▶ Aim of the exercise:
Set down exactly the lines below between the line holding "Męskie buty VANS" and the line holding "BMW M850i 17 of 26", inclusive; no other line belongs in the answer.

▶ Records for the task:
══════════════════════════════
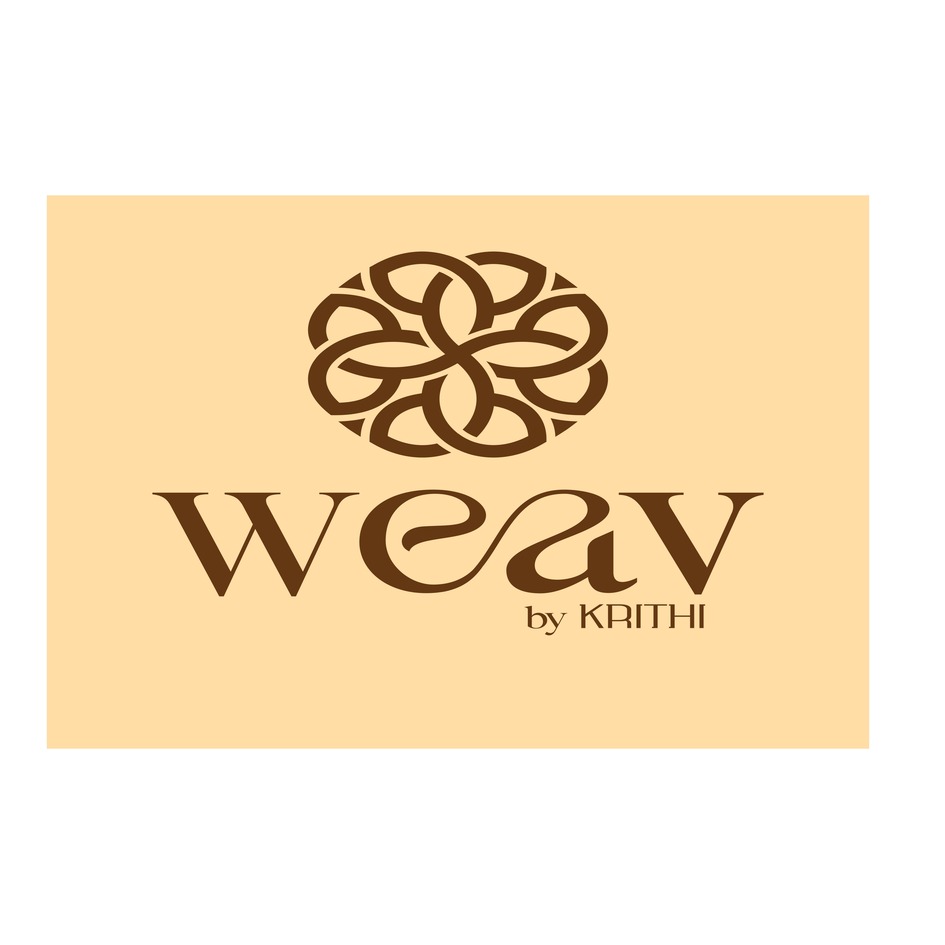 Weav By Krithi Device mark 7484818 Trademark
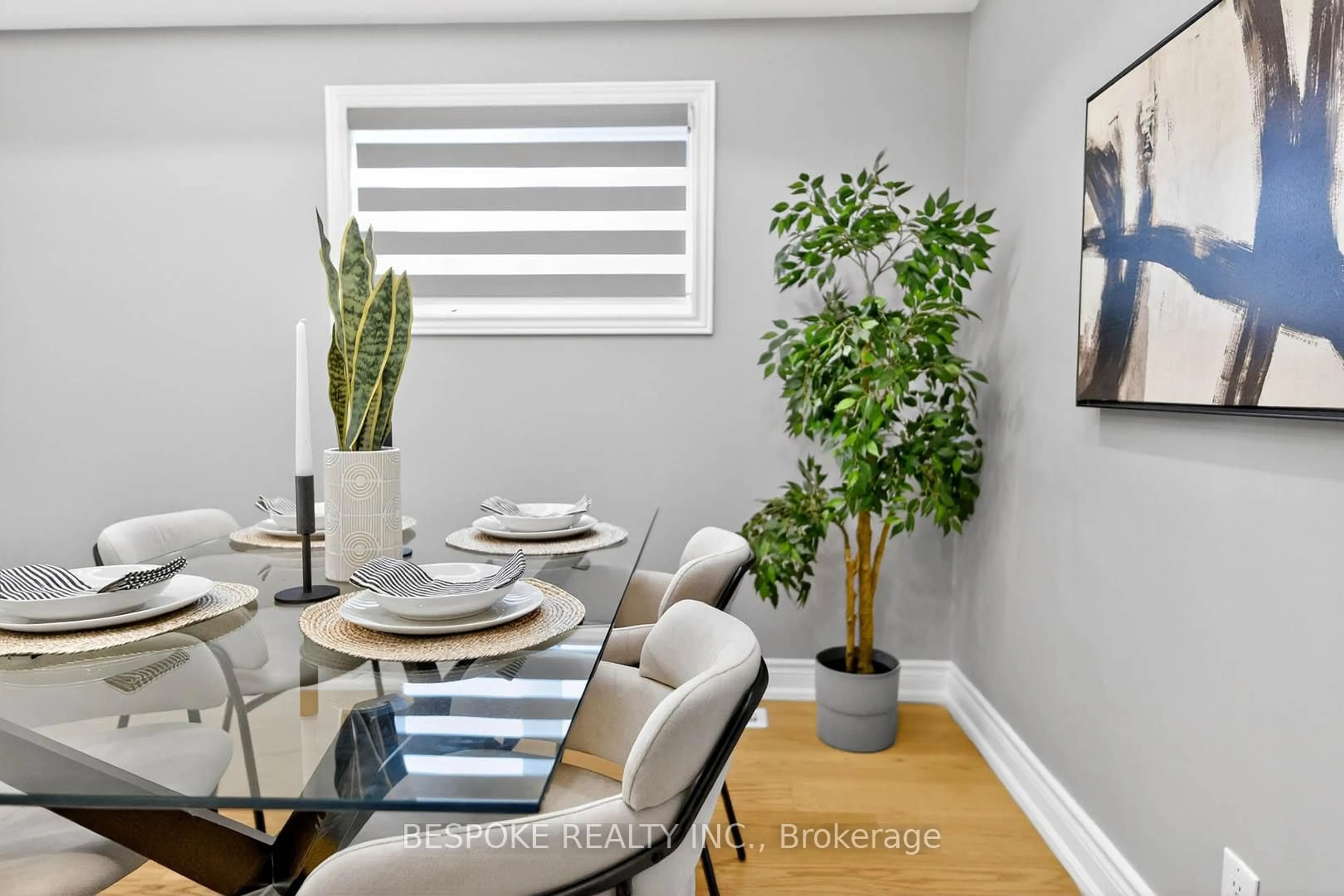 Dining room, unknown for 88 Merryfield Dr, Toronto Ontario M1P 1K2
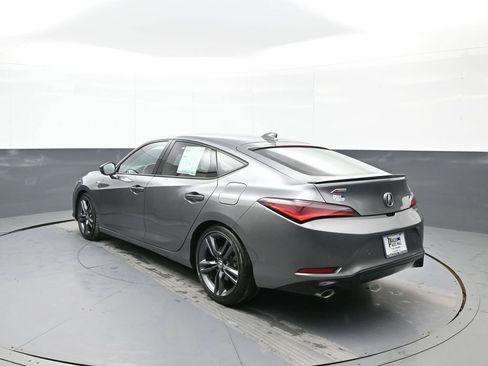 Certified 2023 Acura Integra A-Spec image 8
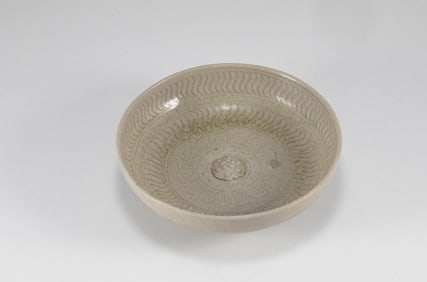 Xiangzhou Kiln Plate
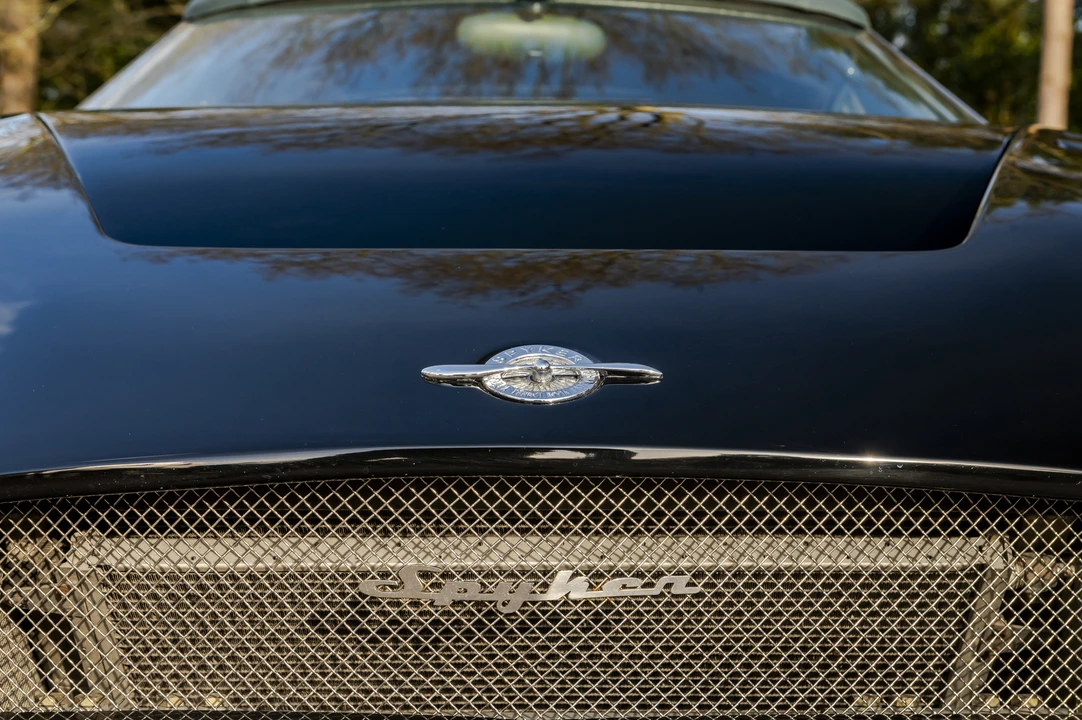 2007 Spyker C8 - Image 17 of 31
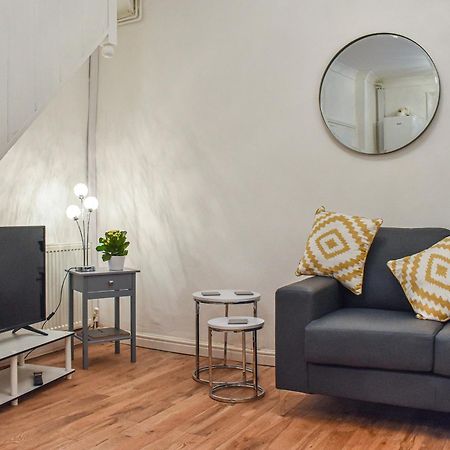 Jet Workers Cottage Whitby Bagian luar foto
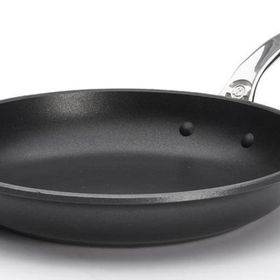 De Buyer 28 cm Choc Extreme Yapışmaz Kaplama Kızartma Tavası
══════════════════════════════
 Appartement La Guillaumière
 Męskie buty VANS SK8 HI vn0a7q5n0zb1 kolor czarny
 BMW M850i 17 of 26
══════════════════════════════
▶ Written solution:
 Męskie buty VANS SK8 HI vn0a7q5n0zb1 kolor czarny
 BMW M850i 17 of 26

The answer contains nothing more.